Posted: September 8, 2008, 5:00 p.m. PST
By Gina Cioli/BowTie Inc./Courtesy Jessica Pineda
If one parrot screams, it might get the entire flock going.
Please give me any suggestions to stop my Meyer’s parrot from screaming! He has taught my red-bellied parrot hen to do the same. They were supposed to be quiet parrots. I try to ignore the yelling and reward the quiet, but it's not working. When they are home without me during the day, I have the radio on in their room.
Ignoring a parrot’s screaming might not reward the behavior, but it rarely stops it. Even parrots with a reputation for being quiet can become quite noisy under certain situations. Most parrots are as noisy as the environment they live in. There is no doubt that your two Poicephalus parrots are feeding off of each other’s noise.

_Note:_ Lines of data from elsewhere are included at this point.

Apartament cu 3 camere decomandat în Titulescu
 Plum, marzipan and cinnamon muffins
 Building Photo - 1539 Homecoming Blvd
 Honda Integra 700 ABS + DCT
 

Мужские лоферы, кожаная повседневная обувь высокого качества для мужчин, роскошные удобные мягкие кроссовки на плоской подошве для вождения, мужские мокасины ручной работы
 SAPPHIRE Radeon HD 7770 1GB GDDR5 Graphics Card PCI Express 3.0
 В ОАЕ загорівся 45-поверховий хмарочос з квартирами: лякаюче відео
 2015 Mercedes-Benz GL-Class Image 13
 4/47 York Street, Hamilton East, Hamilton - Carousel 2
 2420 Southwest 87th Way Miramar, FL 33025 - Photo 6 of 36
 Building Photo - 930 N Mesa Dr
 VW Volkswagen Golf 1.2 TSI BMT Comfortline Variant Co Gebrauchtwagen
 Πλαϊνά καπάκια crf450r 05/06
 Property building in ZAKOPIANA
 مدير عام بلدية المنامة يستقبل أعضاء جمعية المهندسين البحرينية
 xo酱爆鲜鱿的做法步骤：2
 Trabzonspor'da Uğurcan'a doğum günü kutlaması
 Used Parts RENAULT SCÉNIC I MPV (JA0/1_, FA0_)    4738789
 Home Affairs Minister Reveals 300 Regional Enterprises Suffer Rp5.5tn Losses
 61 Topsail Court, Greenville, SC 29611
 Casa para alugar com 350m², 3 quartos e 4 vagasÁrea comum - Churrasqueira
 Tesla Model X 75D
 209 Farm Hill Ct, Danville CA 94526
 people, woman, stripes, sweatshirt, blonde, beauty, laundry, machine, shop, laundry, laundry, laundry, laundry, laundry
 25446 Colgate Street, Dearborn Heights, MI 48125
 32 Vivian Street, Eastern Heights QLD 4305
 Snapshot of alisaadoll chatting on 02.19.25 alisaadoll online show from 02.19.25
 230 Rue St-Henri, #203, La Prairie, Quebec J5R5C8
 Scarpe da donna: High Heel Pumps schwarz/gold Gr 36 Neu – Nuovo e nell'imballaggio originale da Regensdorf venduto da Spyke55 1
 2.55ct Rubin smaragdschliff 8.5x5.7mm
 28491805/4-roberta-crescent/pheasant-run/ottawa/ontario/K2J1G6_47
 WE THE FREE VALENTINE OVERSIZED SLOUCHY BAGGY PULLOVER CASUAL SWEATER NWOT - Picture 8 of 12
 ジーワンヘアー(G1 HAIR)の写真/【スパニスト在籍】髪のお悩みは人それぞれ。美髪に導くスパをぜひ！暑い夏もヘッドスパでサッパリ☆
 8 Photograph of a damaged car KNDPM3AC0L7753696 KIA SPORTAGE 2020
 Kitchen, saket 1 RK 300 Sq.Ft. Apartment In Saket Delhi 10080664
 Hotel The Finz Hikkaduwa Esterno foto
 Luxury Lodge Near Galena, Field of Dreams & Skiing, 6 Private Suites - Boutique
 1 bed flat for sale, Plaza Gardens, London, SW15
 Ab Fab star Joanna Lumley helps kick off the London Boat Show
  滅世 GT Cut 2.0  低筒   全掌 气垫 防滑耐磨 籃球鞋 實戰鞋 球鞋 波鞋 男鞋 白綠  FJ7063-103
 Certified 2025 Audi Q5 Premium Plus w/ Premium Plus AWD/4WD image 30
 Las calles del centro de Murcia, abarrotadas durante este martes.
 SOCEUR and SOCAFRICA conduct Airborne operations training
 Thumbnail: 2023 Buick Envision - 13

If the two birds have a strong bond with each other, since they are closely related, there is a possibility that they have formed a sexual bond with each other and some of the screaming is a result of that. To know for sure what is going on, I would need more information. For example, does the Meyer’s parrot scream when you are giving the red-bellied parrot attention? Do they scream when you are in another room or when you are with them? Do you think that they are they screaming to get your attention or to get each other’s attention?
Without knowing the answer to these questions, I recommend that you spend time with each bird individually teaching it a few positive basic behaviors. An easy one would be to teach the birds to spread their wings on cue. There are two ways to do this. The first is to watch them carefully and every time you see one of them spread its wings to stretch, say “Eagle Boy” or anything that you think is appropriate for the behavior. The other is to have one of the birds on your finger and move your hand up or down so that it flaps its wings and then say the command. The reason I recommend this type of positive interaction is because when one of the birds is screaming, you can use the cue to distract it from screaming, and then when it does the wing spread, you can reward the bird with lavish praise. This may take some time to train the bird to this behavior, but it will be far more effective in the long run to change the screaming behavior than rewarding the negative behavior with a quick-fix type punishment.
Another idea is to lower the energy of the birds when they are screaming. The vast majority of pet birds are very empathic and mimic our moods. If they start screaming and you become agitated by the noise, chances are the screaming will worsen. However, if you walk over to the cage without making eye contact and slow yourself way down by lowering your head and taking a few deep breaths, they will most likely match your energy. Another way that often works is for you to quietly hum, whisper or whistle without looking at them. When my caique, Spike gets would up and starts his repetitive beeping, I start whistling “Over the Rainbow” and he starts whistling with me immediately, even if I am across the room ignoring him.